When the news graced my ears I could hardly believe it was true! But it was!!

Be sure to check out my blog sponsor video and links at the bottom. 😉

As a professed believer in Jesus Christ I suffer from yes unbelief.

But how is that possible?

Well, for me unbelief, doubt, negativity, and fear have run my life from my soul. They were set ways built inside of me through my life to the point of the discovery.

A believer has unbelief, have you ever heard of such a thing?
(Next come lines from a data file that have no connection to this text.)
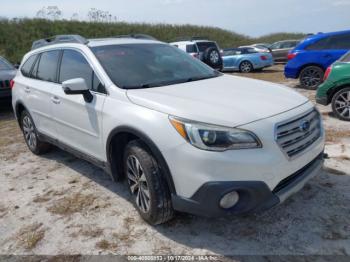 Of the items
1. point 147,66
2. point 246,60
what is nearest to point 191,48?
point 246,60

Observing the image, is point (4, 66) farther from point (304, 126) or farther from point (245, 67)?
point (245, 67)

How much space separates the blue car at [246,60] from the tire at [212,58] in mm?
2571

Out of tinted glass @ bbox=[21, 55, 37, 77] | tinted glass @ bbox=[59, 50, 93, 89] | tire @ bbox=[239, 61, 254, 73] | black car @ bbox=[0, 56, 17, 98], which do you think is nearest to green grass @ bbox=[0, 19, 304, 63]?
black car @ bbox=[0, 56, 17, 98]

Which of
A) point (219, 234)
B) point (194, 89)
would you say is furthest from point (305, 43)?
point (219, 234)

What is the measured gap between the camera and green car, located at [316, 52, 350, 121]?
6.02 metres

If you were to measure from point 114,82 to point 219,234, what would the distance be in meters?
1.77

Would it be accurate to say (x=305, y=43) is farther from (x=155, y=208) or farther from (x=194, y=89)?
(x=155, y=208)

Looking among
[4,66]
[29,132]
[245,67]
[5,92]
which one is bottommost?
[245,67]

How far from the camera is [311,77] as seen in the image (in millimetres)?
9867

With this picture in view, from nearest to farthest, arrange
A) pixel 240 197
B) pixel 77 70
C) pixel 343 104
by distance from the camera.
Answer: pixel 240 197 < pixel 77 70 < pixel 343 104

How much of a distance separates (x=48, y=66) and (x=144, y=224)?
2685mm

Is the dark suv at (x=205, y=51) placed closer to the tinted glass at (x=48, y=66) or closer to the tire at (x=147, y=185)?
the tinted glass at (x=48, y=66)

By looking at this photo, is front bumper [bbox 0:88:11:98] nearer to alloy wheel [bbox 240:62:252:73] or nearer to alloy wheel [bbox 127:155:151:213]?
alloy wheel [bbox 127:155:151:213]

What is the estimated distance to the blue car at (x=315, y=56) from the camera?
930 centimetres
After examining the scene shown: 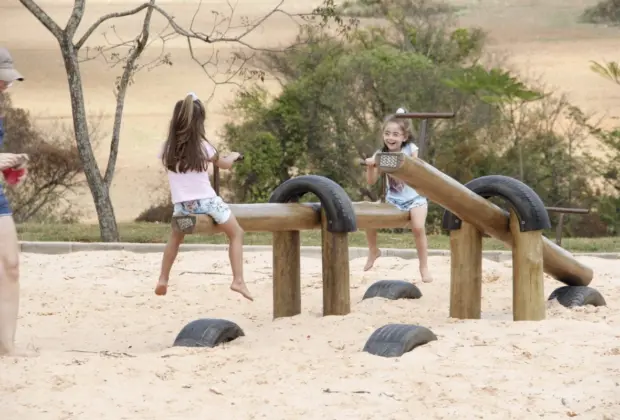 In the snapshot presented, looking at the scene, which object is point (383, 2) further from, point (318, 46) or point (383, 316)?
point (383, 316)

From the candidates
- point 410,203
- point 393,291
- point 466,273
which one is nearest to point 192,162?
point 466,273

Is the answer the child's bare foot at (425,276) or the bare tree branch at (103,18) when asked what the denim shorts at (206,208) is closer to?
the child's bare foot at (425,276)

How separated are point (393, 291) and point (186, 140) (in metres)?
2.06

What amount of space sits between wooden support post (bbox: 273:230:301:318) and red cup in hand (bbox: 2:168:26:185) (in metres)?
1.90

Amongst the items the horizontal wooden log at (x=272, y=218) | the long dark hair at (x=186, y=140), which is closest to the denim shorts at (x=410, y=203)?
the horizontal wooden log at (x=272, y=218)

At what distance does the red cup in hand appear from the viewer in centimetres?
501

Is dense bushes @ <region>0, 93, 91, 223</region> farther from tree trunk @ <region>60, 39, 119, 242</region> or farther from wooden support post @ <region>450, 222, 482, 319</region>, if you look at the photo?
wooden support post @ <region>450, 222, 482, 319</region>

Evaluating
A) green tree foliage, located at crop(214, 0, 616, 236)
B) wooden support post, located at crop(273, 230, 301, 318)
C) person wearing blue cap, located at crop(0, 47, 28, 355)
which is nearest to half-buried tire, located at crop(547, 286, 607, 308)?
wooden support post, located at crop(273, 230, 301, 318)

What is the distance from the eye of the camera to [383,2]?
21.1 metres

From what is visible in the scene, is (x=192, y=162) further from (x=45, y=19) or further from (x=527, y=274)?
(x=45, y=19)

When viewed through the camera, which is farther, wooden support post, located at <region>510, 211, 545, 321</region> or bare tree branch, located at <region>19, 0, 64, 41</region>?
bare tree branch, located at <region>19, 0, 64, 41</region>

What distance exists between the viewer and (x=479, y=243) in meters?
6.43

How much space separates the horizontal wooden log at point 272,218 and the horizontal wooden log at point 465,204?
0.81m

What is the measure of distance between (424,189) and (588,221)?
42.5ft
I had areas of unbelief living on the inside of me thus as my Pastor told me creating my world.

Yes, I believe in God, Son and Spirit!

It was my personal belief system toward myself that God would do miracles for me as I have doubt and negativity within my mind. I doubted that God would come through in things for me. I have fear he would forget me. I worried wouldn’t God show up in my trouble.

My inner factions of those very things needed to be touched and challenged with truth of the word as those things became lofty within me and set themself up as supreme in my being!

My wonderful Pastor (see blog sponsor) took on the challenge to hit every one of the factions living in me that my inner workings made rule my life.

The anointing destroyes the yoke and the anointing she carries has moved through and has begun to tear down those lofty things to be replaced with faith, hope, and love in God for who He is!

I am now working my way from unbelief toward belief!